Le jeune seigneur fit mine de fuir et contourna le bossu, puis il sauta parmi les sacs d’or et s’emparant du licol de l’âne, le pressa à sa suite, sans qu’il ne rechigna sa nouvelle destinée.


Le vieillard voulut crier, voulut marcher, mais à peine le chevalier était sorti de la chaumière qu’elle s’embrasa tel un feu de Saint Jean. Puis il libéra l’âne, tout en priant pour retrouver sa belle, avant que la nuit et les marais ne l’engloutissent.
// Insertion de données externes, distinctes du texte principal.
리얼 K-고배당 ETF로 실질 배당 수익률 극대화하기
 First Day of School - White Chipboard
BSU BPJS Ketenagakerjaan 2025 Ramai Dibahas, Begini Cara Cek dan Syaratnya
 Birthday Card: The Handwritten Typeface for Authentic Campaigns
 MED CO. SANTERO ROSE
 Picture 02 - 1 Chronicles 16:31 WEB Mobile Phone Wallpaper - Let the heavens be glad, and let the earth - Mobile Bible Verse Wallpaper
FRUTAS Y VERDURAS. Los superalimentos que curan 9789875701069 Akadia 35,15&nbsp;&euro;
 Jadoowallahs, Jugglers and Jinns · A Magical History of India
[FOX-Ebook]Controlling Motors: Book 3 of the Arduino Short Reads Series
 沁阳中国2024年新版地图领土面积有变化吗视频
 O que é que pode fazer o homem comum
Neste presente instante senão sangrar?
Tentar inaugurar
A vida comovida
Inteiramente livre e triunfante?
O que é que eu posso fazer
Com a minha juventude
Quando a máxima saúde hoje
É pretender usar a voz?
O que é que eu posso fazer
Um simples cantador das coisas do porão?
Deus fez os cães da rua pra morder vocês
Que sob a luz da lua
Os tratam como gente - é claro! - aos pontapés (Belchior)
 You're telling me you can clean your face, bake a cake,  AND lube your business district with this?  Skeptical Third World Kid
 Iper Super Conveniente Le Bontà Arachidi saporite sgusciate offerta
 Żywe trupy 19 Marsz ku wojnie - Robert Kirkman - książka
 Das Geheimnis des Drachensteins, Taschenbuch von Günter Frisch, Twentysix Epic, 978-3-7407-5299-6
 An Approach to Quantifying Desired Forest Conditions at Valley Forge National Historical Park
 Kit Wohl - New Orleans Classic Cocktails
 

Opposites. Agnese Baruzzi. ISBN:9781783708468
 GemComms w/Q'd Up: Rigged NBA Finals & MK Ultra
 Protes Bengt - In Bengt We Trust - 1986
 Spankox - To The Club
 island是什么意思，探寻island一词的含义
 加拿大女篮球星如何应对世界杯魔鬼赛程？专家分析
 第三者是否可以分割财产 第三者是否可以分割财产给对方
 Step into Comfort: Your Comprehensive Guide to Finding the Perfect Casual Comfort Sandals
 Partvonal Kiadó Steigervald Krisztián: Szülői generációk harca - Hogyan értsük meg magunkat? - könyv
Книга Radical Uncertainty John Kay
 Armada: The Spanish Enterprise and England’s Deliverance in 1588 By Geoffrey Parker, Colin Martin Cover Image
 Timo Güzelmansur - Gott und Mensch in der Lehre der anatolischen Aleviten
Soudain aveuglé par une lumière si pure qu’il en cligna des yeux, son fidèle destrier s’avança vers lui doté de la plus belle des cavalières, étincelante de mystère et d’or dans une robe où baignaient les rayons du soleil. Alors, il sut que les malédictions étaient tombées et que l’amour leur été accordé.


La lune montait lentement dans le ciel et recouvrait de nuit argentée la robe de sa dulcinée, délicatement bercée par le pas de leur coursier. Au loin, l’opulent manoir et ses tours de granit les appelaient vers une douce éternité…



 Conte écrit par Mme Stéphanie Gangotek, œuvre protégée, nov 2013.